Concealing drug war film’s venue says a lot about PH atmosphere of fear
MANILA, Philippines–The decision to keep secret the venue of the latest advance screening of “On the President’s Orders” says a lot about the atmosphere of fear in the country, a human rights advocate said on Wednesday night.
“Haven’t we pondered if our situation today is not normal? The fact that we have to hide, that we have to scrutinize people who would watch the documentary with us, isn’t that unusual?” said Dr. Nymia Simbulan, executive director of the nongovernment Philippine Human Rights Information Center (Philrights).
“That the government is saying that we are free, that democracy exists, but there are doubts, fears, and the conscious decision to be on guard. This proves that there is something wrong with the current government,” Simbulan told reporters gathered in Quezon City.
“On the President’s Orders,” a documentary film directed by Olivier Sarbil and James Jones, tells about the searing story of President Rodrigo Duterte’s bloody war on drugs. It was shown last Friday to around 900 viewers at the University of the Philippines’ Cine Adarna.
A special screening for media members was made Wednesday night, although the organizers requested that the exact venue be withheld.
Nothing to worry about
Philippine National Police (PNP) Spokesperson Brig. Gen. Bernard Banac, however, assured the organizers that there is no cause for alarm.
“Nothing to worry about security, no laws are violated,” Banac told INQUIRER.net on Thursday afternoon.
However, Banac said that should organizers opt for a public screening, then the documentary needs to be reviewed by the Movie and Television Review Classification Board (MTRCB).
“If it is a home or private viewing, or academic discussion, (there is) nothing to worry about. But if it is a public showing, then they need to seek clearance from MTRCB,” he said.
“On the President’s Orders” tackles the drug war issue on two perspectives — from police officers conducting the operations and the relatives of the slain drug suspects. It focuses on a string of events in Caloocan City, one of the hotspots during the height of the anti-drug drive.
Malacañang has previously dismissed the film as nothing but a black propaganda, but Jones asked the Duterte administration and its supporters to try watching it first before making a judgment.
Culture of fear
Simbulan said that what started as a “war against the poor” has now become a “war against lives.”
“The so-called war on drugs, the human rights community asserted, is a war against the poor. But we would like to assert that right now, with the experience that we are facing, the war against the poor has leveled up to the war against human rights, to the war against lives,” she noted.
“And that is clearly illustrated by the extent of the violations, the destruction that our people have currently experienced,” she added.

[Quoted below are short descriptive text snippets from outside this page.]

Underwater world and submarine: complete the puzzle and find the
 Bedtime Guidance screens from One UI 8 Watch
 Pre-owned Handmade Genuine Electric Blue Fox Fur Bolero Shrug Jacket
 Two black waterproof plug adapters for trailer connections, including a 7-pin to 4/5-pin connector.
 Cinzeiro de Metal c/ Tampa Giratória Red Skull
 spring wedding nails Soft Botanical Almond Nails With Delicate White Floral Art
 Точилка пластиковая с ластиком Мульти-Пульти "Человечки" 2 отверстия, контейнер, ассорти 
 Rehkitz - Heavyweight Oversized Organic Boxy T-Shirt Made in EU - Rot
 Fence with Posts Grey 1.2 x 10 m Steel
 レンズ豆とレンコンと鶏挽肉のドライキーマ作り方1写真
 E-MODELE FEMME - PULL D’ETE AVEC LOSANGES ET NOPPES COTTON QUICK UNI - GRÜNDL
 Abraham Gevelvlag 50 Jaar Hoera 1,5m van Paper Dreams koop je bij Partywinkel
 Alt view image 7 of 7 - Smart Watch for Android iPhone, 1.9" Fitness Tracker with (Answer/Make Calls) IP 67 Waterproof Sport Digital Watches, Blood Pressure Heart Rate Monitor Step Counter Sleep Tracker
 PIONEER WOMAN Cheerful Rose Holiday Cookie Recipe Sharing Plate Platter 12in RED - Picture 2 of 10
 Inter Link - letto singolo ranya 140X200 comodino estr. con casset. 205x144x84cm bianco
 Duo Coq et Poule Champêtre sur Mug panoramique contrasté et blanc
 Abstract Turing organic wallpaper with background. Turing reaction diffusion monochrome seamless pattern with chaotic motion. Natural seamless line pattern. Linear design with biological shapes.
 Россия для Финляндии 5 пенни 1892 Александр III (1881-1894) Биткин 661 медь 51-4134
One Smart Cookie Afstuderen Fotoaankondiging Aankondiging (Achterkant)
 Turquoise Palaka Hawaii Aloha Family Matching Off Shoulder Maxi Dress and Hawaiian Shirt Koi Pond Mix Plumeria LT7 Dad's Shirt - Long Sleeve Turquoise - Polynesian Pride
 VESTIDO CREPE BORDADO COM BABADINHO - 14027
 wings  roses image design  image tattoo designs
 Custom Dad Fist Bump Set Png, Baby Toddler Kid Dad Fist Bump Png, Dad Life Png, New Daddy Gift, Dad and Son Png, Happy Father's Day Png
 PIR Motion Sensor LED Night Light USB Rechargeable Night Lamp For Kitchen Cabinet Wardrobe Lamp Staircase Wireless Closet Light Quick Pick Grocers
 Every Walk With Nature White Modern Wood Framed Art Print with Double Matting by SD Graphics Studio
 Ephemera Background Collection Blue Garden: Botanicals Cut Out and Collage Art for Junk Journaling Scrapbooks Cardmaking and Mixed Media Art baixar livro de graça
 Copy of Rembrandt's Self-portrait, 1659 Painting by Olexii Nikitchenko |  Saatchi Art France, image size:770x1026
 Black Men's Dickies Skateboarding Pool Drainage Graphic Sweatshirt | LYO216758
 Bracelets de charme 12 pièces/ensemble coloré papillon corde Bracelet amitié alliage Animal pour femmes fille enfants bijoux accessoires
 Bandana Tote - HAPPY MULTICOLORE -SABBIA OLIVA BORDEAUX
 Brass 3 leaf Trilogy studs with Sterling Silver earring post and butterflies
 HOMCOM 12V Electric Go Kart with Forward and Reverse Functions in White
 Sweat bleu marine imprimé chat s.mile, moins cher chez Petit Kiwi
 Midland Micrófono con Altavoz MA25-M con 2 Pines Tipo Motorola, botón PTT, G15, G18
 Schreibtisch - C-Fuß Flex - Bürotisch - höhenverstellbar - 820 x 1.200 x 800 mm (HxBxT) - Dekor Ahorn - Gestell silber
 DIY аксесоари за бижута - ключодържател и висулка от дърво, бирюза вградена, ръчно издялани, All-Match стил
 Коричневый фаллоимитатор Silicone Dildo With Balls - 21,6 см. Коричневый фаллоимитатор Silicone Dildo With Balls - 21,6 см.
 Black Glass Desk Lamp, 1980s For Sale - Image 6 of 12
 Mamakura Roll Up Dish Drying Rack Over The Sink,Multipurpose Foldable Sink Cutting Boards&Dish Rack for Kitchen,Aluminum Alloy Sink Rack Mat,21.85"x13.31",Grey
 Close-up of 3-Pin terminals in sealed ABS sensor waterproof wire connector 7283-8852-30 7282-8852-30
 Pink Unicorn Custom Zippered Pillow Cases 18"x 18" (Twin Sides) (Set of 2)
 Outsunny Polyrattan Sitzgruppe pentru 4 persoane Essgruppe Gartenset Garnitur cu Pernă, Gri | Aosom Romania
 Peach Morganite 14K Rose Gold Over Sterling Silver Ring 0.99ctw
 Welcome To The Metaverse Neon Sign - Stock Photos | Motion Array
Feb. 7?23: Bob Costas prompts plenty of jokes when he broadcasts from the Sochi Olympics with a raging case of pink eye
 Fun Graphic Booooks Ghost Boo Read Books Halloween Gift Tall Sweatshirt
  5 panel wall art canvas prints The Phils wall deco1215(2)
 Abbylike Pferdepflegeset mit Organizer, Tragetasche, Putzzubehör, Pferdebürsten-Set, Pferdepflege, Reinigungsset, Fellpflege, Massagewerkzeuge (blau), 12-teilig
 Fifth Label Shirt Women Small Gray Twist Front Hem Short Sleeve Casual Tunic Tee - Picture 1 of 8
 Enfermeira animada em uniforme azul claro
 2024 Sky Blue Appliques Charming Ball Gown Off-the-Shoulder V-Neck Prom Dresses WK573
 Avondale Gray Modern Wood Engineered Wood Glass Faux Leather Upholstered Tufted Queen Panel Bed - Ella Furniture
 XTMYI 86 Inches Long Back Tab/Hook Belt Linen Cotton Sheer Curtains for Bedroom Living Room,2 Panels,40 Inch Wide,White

Just recently, an international organization labeled the Philippines as the most dangerous country for environmental activists. Then on Monday, a human rights lawyer tagged as a member of the communist movement escaped an armed attack.
Rose Trajano, secretary general of the Philippine Alliance of Human Rights Advocates, said that the administration’s tactic of “shock-and-awe” — apparently meant to instill a culture of fear — worked wonders for the government.
“That’s the administration’s strategy, shock, and awe. The killings in the context of the drug war came first, but it was actually just a ploy to scare people. Unfortunately, the public was scared,” Trajano said after the film viewing.
“What happened is that people fell silent, only a few were willing to speak up. So, shock and awe were effective in bringing a culture of silence and fear,” she said. “We have to push back and inform the public of the situation.”